**What needs to be done:**
Begin at the line where "Munich Nizke superge 4172062 Bela Cene" appears and reproduce exactly every line through the end of the data below, both included, skipping pictures.

**Exercise data:**

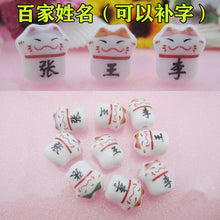 9615ac0255418d46b923cd33d858fe61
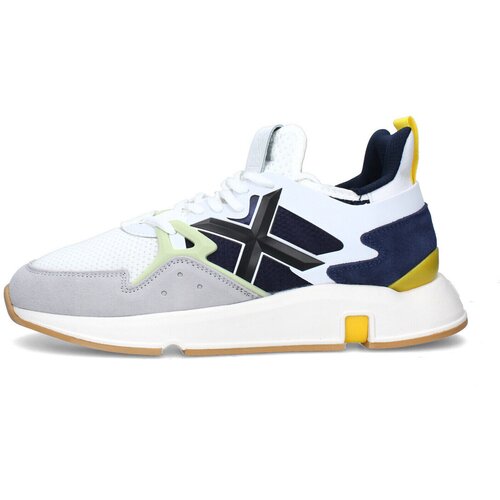 Munich Nizke superge 4172062 Bela Cene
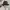Nike Acg photo 2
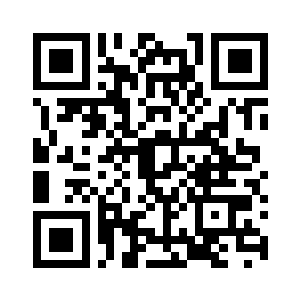 凌云把自己的所有毛孔都张开了二维码生成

**Response area:**
 Munich Nizke superge 4172062 Bela Cene
Nike Acg photo 2
 凌云把自己的所有毛孔都张开了二维码生成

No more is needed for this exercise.